American Dream closed on March 16, 2020, as stay-at-home measures were put in place around New Jersey, and reopened in October with a DreamWorks-themed indoor waterpark, mini-golf, an indoor ski slope, a Nickelodeon-themed indoor amusement park, and some shopping. Earlier this month, a 25,000-square-foot indoor aquarium and a Lego playground opened in the East Rutherford mall.

And all those people flocking to the attractions — which each command about $80 for a ticket — mean retailers want to sign deals. Welles said that he’s had multiple clients, mainly restaurants, clamoring for space in the American Dream mall.

American Dream mall
American Dream mall. Photo: Cameron Bleylock/for Commercial Observer

Plus, despite the dip in the retail market and landlords across the region offering discounts for space, Triple Five has been holding firm on rents at American Dream. 
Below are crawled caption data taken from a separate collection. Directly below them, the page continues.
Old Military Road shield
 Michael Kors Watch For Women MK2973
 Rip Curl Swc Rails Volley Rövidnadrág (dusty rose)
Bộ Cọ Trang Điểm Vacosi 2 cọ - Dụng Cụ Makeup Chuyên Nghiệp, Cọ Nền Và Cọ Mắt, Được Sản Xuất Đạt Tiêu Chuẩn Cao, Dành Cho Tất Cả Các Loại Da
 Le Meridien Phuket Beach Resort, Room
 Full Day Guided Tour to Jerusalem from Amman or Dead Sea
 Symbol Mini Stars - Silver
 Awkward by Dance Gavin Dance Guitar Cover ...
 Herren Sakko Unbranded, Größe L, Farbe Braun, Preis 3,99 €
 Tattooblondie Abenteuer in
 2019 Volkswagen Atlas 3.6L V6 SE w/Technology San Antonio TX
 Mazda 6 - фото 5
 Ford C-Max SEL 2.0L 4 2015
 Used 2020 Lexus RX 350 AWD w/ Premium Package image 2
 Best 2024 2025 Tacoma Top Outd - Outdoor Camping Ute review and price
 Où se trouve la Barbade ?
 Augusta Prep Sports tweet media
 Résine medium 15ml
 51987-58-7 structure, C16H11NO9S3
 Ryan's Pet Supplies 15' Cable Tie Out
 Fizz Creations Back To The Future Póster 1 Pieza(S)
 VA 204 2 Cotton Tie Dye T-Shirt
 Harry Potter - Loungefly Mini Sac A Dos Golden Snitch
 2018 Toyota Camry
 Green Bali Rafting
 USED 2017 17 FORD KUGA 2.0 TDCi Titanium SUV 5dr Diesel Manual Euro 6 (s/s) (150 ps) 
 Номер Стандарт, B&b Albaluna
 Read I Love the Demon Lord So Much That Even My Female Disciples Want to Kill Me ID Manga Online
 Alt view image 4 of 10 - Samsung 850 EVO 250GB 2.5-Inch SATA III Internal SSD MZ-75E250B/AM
A broker, who asked to remain anonymous, said the mall is still commanding asking rents close to ones in Manhattan, and even had deals fall apart when Triple Five refused to budge on the numbers.

“They’re not giving deals away by any means,” the broker said.

But, while American Dream might have some positive momentum going for it, it’s not completely out of the swamp. A Triple Five executive said three months ago that it would’ve been better, financially, if the project burned to the ground, and the company recently lost its head of leasing, Sandi Danick, credited with getting American Dream to where it is today.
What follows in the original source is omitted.